As for its failures, it is largely wrapped up in the Euro as a ‘political’ project, and that does not sit well with all EU Member States, nor many of its citizens. Indeed, while the majority of EU countries adopted the Euro, more than a quarter did not: 20 of the Member States have the Euro as official currency, with seven (plus the UK, which recently exited the EU) keeping hold of their own currencies.
The Euro has been in decline for years
For forex traders, one of the most interesting aspects has been the Euro’s decline in recent years. As mentioned above, it is a key player within the forex markets, but its value has declined steadily over the last fifteen years or so. Consider that €1 bought $1.60 around the time of the Great Financial Crisis of 2008; the two currencies reached parity in 2022. And while a Euro buys more than a dollar at the time of writing, the overall trajectory has been downward.
Unfortunately, many analysts charting the Euro’s decline talk of its parallels with the wider decline of the EU economy. Again, looking back at 2008, The EU’s economy was bigger than that of the United States, $16.2 trillion vs. $14.7 trillion. By 2022, the US economy had exceeded $25 trillion, whereas the EU had barely seen any overall growth. We must add two caveats. The first is that the world’s sixth-largest economy (the UK) left the EU in 2020, and overall growth would have been higher compared to 2008 had the UK been counted in the measurements.
Europe remains an economic powerhouse
The second caveat is that despite the decline, the EU remains an economic powerhouse, representing around a sixth of the entire global economy while only having about 5% of the world’s population. Yes, it may rely too much on the United States’ technology sector, and it is beholden to Russia for much of its energy needs and China for its manufacturing. Yet, it is also home to the huge financial centres of London, Paris, and Frankfurt, exports from the engine room – Germany – and it is the global leader in international tourism. Still, many investors see Europe as cumbersome and weighed down by red tape. They prefer to look to the Americas or to the east and South Asia.
Regulation is a huge deal-breaker for European investment, and it’s a constant bugbear for those who wish to do business there. Consider the rush for the European Commission to dish out regulations for the explosion in artificial intelligence applications. Yes, the EU will see it as a means to protect its citizens, notably their privacy. But it has turned off the taps of innovation within the Member States. Nobody is betting on Europe to win the AI race, and that means they will lag behind in a new economy that could dwarf that created by the worldwide web.

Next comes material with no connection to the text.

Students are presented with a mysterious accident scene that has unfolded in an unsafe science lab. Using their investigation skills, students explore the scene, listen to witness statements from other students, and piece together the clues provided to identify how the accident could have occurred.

As for the single currency, as mentioned, there are many predicting that the end is nigh. We should, however, stress again that the tying up of the Euro as a political project, one that was meant to foster “ever closer union” between the Member States, tends to colour such reporting. Indeed, some believe there is a concerted effort to undermine the single currency’s standing. As such, that can impact financial reporting on the currency’s prospects.

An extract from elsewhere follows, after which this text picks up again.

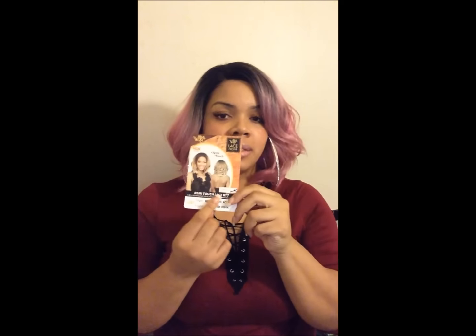My birthday hair was Italy Lace Touch, Lace Front Remy Touch, Lace RT7, and I have her in Charm Pink.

Conclusion: The Euro is here to stay
Indeed, while we don’t think there is an existential threat to the Euro in terms of its economics – it may decline, but it will still be held up by necessity, policy, and political will – its chief danger comes from within. If a Member State, particularly one of the big players like France, votes to leave the European Union, a so-called Frexit, then the Euro would face its toughest test. Yet, after 25 years, the currency is now engrained in the continent, both socially and economically. Even some of the most hardened anti-EU politicians now admit that the Euro is here to stay.